## [What to do]
Transcribe the listing exactly; drop the images.

:: Raw data ::

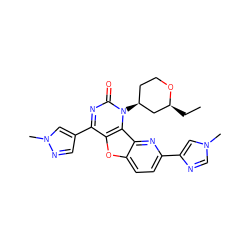 CC[C@H]1C[C@@H](n2c(=O)nc(-c3cnn(C)c3)c3oc4ccc(-c5cn(C)cn5)nc4c32)CCO1 ZINC000096907416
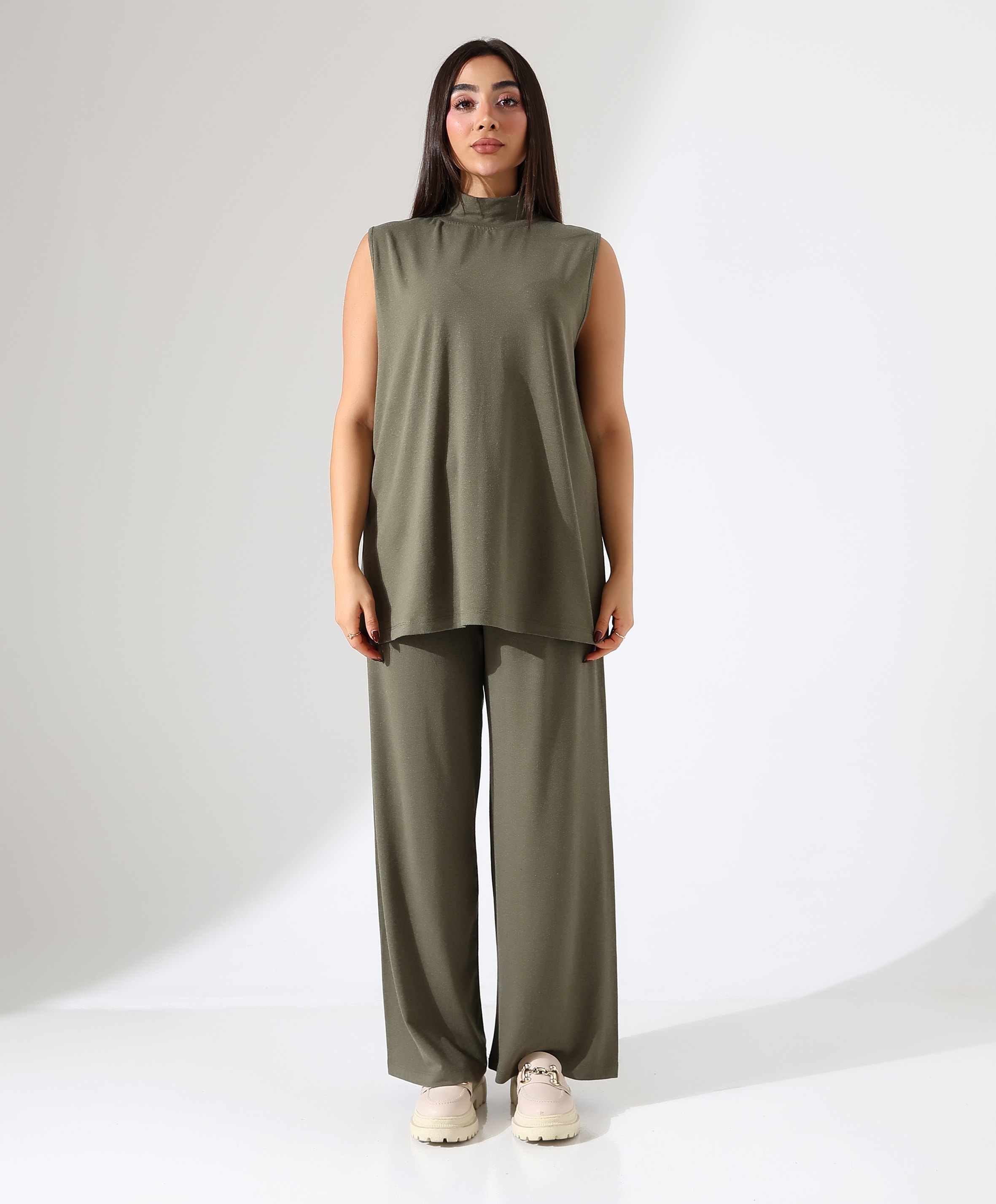 Boğazlı Kolsuz Yün Bluz - Toptan - Haki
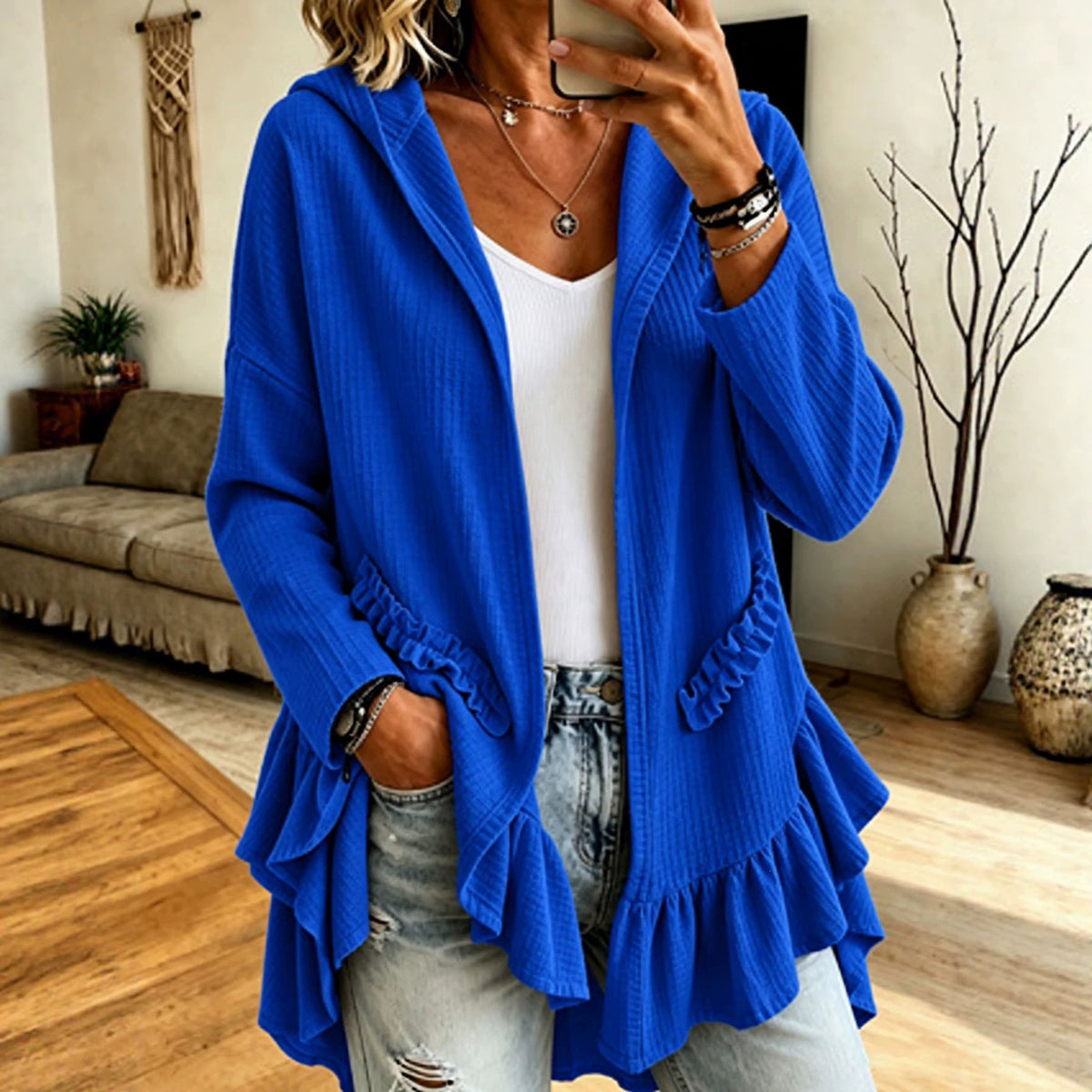 Ruffle Hooded Cardigan – Oversized Knit Open-Front Hoodie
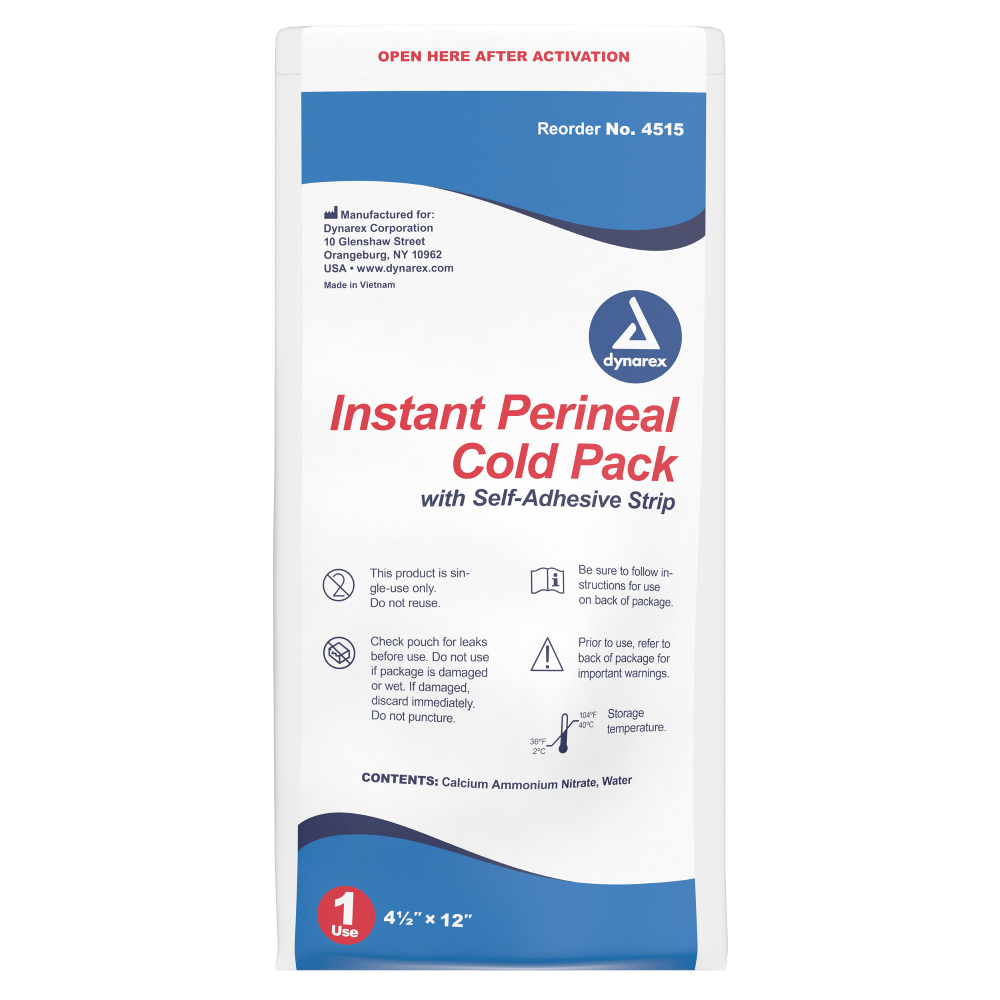 Perineal Instant Cold Pack with Self-Adhesive Strip, 4 1/2" x 12"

:::

## [Written response]
 CC[C@H]1C[C@@H](n2c(=O)nc(-c3cnn(C)c3)c3oc4ccc(-c5cn(C)cn5)nc4c32)CCO1 ZINC000096907416
 Boğazlı Kolsuz Yün Bluz - Toptan - Haki
 Ruffle Hooded Cardigan – Oversized Knit Open-Front Hoodie
 Perineal Instant Cold Pack with Self-Adhesive Strip, 4 1/2" x 12"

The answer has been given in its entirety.